Prompt
After finding the line that contains "FIRE POWER Sealed" in the entries below, retype it and every following line precisely, the last included.
Segment Start: Dataset records
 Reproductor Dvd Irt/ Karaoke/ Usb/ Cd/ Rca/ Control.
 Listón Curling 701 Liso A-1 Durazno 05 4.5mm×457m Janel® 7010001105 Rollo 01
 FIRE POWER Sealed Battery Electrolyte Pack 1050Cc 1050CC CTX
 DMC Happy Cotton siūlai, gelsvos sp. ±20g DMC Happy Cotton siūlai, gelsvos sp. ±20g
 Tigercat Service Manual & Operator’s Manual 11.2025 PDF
Segment End: Dataset records
Result
 FIRE POWER Sealed Battery Electrolyte Pack 1050Cc 1050CC CTX
 DMC Happy Cotton siūlai, gelsvos sp. ±20g DMC Happy Cotton siūlai, gelsvos sp. ±20g
 Tigercat Service Manual & Operator’s Manual 11.2025 PDF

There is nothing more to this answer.